In questo senso le capacità "rottamatorie" di Renzi possono essere utili all'Italia. Altro il discorso sulle capacità di costruire razionalmente e strategicamente le condizioni per l'avvento della Terza Repubblica. Capacità che, probabilmente, Renzi non ha, se si guarda al pasticcio della riforma del Senato, alla finta abolizione delle Province, all'orribile progetto di legge elettorale, al flop degli 80 euro sul rilancio dei consumi, all'inutile impuntatura sulla Mogherini alla guida di una inesistente politica estera europea, allo scialbo semestre di presidenza europea, alle immutate prospettive di decrescita economica e civile, all'assenza di una "visione" per l'Italia e per l'Europa.
I costruttori della Terza Repubblica, probabilmente, saranno altri da Renzi, il demolitore. Ciò perché,  il ritorno della politica, che finalmente e meritoriamente è riuscito ad incarnare pienamente, dai tempi di Tangentopoli, costituisce, paradossalmente il suo limite che non gli consentirà di metter mano alla revisione profonda della nostra Costituzione. E senza la riscrittura della Carta non potrà esserci nessuna  radicale riforma e nessuna Terza Repubblica all'orizzonte.

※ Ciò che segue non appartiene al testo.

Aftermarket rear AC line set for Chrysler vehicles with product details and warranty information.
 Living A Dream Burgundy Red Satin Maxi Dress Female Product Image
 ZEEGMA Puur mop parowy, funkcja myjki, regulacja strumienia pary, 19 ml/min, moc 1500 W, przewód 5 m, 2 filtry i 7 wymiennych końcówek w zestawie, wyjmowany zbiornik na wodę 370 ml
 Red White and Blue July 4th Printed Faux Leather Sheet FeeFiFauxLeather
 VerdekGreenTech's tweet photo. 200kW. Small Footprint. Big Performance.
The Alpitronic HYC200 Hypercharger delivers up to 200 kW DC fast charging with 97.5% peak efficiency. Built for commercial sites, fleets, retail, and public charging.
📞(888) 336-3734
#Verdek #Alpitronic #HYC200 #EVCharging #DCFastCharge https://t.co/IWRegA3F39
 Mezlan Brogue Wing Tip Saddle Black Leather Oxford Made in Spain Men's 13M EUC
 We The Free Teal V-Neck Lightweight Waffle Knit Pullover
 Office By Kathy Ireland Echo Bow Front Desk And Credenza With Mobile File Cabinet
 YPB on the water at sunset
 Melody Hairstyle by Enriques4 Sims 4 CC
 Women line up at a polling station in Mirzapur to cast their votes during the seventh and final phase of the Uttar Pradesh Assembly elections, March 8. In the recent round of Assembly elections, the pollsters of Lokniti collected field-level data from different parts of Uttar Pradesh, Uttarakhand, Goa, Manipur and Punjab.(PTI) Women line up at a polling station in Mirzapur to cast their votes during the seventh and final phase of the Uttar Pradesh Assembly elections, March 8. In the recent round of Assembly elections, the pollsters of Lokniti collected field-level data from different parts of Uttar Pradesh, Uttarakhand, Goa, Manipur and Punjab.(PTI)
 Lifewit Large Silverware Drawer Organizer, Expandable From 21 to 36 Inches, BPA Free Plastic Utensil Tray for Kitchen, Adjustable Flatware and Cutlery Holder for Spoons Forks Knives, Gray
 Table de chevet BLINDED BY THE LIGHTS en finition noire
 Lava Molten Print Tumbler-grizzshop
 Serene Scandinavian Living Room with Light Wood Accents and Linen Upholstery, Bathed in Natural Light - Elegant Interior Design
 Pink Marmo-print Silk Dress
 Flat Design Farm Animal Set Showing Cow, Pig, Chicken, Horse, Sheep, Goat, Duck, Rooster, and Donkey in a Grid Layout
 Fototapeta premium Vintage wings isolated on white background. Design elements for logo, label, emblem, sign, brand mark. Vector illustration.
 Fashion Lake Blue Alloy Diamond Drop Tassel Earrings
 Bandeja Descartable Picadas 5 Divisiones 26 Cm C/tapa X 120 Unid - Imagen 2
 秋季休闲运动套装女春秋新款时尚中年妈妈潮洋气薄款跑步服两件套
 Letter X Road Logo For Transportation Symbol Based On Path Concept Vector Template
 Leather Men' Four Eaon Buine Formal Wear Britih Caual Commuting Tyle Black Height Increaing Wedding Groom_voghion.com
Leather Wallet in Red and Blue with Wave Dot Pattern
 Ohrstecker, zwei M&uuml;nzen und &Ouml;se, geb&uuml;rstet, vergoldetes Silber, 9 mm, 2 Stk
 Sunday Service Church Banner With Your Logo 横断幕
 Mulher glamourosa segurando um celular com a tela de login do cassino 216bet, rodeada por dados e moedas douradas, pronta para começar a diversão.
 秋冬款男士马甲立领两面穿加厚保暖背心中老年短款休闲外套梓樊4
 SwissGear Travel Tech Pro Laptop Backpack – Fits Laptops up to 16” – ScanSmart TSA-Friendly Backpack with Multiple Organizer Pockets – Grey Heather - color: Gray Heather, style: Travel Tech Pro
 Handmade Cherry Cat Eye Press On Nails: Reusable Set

La politica agisce entro i margini fissati dalla Carta, figlia a sua volta di un atto politico fondante, ma la sua supponenza, spesso, non le fa intravedere tali limiti e l'impossibilità di operare concretamente i cambiamenti radicali di cui ci sarebbe disperato bisogno. Quanto è davvero efficacemente riformabile la giustizia, ad esempio, con le regole date?
Regole, si ricordi, scritte alla fine di un conflitto mondiale, dopo un'esperienza totalitaria, col condizionamento forte della volontà dei vincitori ed in un'epoca in cui il mondo si andava assettando per blocchi contrapposti e sull'equilibrio del terrore e neanche si intravedevano le rivoluzioni industriali e tecnologiche che ci sono state nei decenni successivi alla sua formulazione.
La riscrittura della Costituzione sarebbe un atto necessario, ma potrebbe mai la politica come la conosciamo, Renzi in primis, indire un'Assemblea Costituente negando con ciò se stessa?
Eppure la storia dei tanti fallimenti riformatori, le tante montagne che hanno partorito topolini, lo stesso fallimento in atto del falso "bipolarismo all'italiana", dovrebbero fornire una bussola, una direzione di marcia a qualunque vero riformatore.